Al-Kindi membagi pengetahuan ke dalam dua bagian. Yang pertama adalah pengetahuan yang diwahyukan Tuhan kepada Nabi. Nabi mendapatkan sama sekali tanpa kehendak dan upayanya, tapi karena kehendak dan inisiatif Tuhan. Yang kedua, yakni pengetahuan manusiawi, adalah pengetahuan yang dihasilkan atau diperoleh manusia atas kehendak dan upayanya. Itulah filsafat yang pada masa itu mencakup semua pengetahuan yang diupayakan manusia.
Al-Kindi juga berpendapat bahwa kebijaksanaan Ilahi dan Insani (agama dan filsafat) selalu berada dalam kesesuaian yang sempurna. Apabila terjadi pertentangan maka kewajiban filsuf untuk melakukan ta’wil, Al-Kindi sangat menganjurkan metode ta’wil, meski ulama kalam umumnya menentang. Al-Kindi menegaskan, pengingkaran terhadap ta’wil adalah kebodohan dan kedunguan.
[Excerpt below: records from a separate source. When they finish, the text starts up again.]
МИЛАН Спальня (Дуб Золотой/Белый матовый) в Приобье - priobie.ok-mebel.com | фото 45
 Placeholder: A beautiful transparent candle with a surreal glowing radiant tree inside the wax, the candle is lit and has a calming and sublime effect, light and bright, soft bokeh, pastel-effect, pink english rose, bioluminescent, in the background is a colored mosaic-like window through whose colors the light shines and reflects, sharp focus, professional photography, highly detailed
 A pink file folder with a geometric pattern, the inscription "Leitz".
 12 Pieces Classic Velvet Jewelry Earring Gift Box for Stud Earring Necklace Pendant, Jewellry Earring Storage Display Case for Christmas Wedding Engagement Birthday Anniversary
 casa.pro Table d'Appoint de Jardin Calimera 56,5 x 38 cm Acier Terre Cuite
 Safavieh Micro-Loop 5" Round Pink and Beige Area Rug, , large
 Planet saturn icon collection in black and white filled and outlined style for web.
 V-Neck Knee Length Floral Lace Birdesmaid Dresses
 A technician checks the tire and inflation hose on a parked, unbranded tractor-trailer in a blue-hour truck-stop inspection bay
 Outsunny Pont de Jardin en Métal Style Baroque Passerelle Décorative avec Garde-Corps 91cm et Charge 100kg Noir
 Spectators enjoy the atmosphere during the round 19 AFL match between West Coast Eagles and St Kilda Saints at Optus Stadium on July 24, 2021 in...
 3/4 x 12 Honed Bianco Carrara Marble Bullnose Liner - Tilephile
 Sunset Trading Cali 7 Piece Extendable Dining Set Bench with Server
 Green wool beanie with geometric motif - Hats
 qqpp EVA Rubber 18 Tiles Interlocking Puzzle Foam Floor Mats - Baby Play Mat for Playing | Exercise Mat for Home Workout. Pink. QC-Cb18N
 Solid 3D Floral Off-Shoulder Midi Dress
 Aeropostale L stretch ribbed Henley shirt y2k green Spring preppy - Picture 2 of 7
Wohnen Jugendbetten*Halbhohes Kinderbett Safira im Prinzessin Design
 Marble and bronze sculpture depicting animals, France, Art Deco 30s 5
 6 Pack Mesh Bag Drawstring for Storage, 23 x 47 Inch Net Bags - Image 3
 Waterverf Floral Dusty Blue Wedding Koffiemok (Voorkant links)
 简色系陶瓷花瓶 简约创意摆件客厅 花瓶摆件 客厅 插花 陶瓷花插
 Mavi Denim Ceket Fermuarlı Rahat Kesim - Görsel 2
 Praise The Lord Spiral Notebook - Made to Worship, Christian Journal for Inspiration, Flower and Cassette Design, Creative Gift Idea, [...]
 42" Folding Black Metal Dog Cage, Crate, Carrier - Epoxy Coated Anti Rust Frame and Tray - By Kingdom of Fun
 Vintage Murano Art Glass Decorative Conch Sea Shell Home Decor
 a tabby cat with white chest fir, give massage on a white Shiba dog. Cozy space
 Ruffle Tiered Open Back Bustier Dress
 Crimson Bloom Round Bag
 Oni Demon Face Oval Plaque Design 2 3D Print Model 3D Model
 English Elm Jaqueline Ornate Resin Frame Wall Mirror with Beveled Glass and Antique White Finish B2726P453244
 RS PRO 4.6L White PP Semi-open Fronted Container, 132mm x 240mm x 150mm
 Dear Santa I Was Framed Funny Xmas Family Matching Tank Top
Selain itu, Al Kindi berusaha memurnikan konsep Tauhid. Dengan pemahamannya tentang tauhid tanpa kompromi, membawa Al Kindi kepada kepercayaan Allah tanpa hakikat, tidak mempunyai sifat dalam jenis dan dalam diferensiasi. Al-Kindi meneruskan pandangan Mu’tazilah yang tidak percaya akan adanya sifat-sifat Tuhan – karena yang ada hanyalah zat Tuhan. Pemurnian konsep tauhid ini dengan mensistematisasikan dari metafisika Aristoteles tentang kemajuan, dan metafisika Plotinus tentang “yang satu”. Adanya “yang bermacam-macam” mengandaikan adanya “yang satu” yang transeden dan tidak terbatas. Dan asal dari keseluruhan yang bermacam-macam tersebut, tidak lain penciptaannya dari tiada. Disinilah Al-Kindi menyimpang dari Aristoteles dalam konsepnya tentang dunia abadi, dan masuk ke dalam ajaran al-Qur’an yang rupanya dalam pandangan Al-Kindi lebih cocok dengan konsep emanasi (Platonik).